=== WHAT TO WORK ON ===
Given the entries below, would you transcribe exactly the lines starting at the one with "Viko Multi-Let 6" and ending at the one with "Cartoon Cat Aprons", both kept, pictures omitted, nothing extra?
[[ DATA UNDER STUDY open ]]
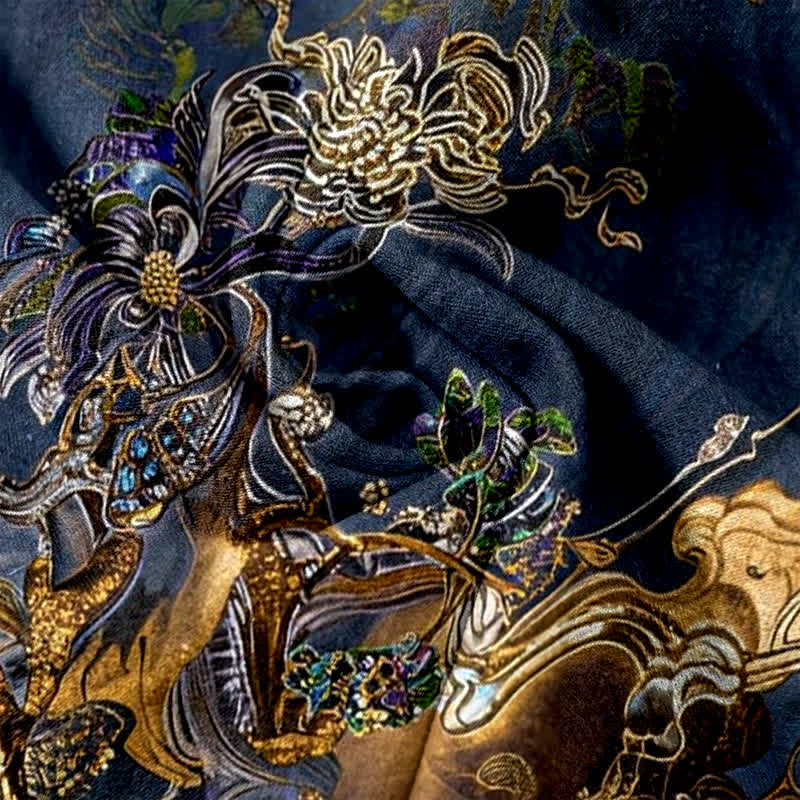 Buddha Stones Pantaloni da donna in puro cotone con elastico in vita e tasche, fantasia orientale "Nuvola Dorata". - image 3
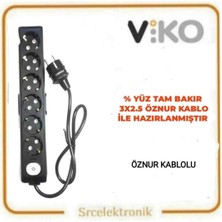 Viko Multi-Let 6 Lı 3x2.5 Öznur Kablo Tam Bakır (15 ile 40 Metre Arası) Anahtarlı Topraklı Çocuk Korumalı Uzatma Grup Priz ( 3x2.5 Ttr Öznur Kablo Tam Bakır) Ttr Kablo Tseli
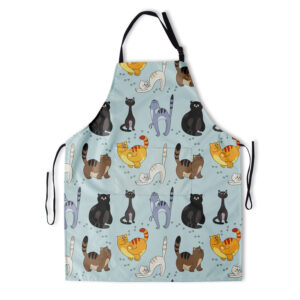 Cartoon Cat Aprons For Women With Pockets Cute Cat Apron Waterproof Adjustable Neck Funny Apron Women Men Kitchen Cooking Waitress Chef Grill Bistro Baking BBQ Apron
[[ DATA UNDER STUDY closed ]]
[[ DATA UNDER STUDY open ]]
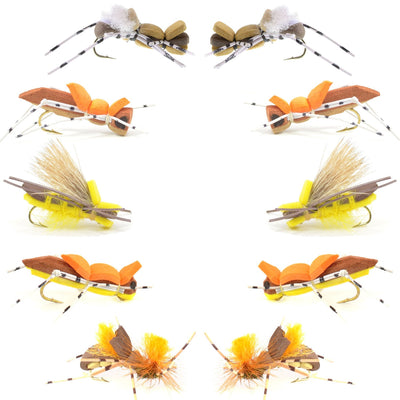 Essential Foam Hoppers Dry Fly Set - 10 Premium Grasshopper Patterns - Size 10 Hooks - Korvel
[[ DATA UNDER STUDY closed ]]
=== EXERCISE RESPONSE ===
 Viko Multi-Let 6 Lı 3x2.5 Öznur Kablo Tam Bakır (15 ile 40 Metre Arası) Anahtarlı Topraklı Çocuk Korumalı Uzatma Grup Priz ( 3x2.5 Ttr Öznur Kablo Tam Bakır) Ttr Kablo Tseli
 Cartoon Cat Aprons For Women With Pockets Cute Cat Apron Waterproof Adjustable Neck Funny Apron Women Men Kitchen Cooking Waitress Chef Grill Bistro Baking BBQ Apron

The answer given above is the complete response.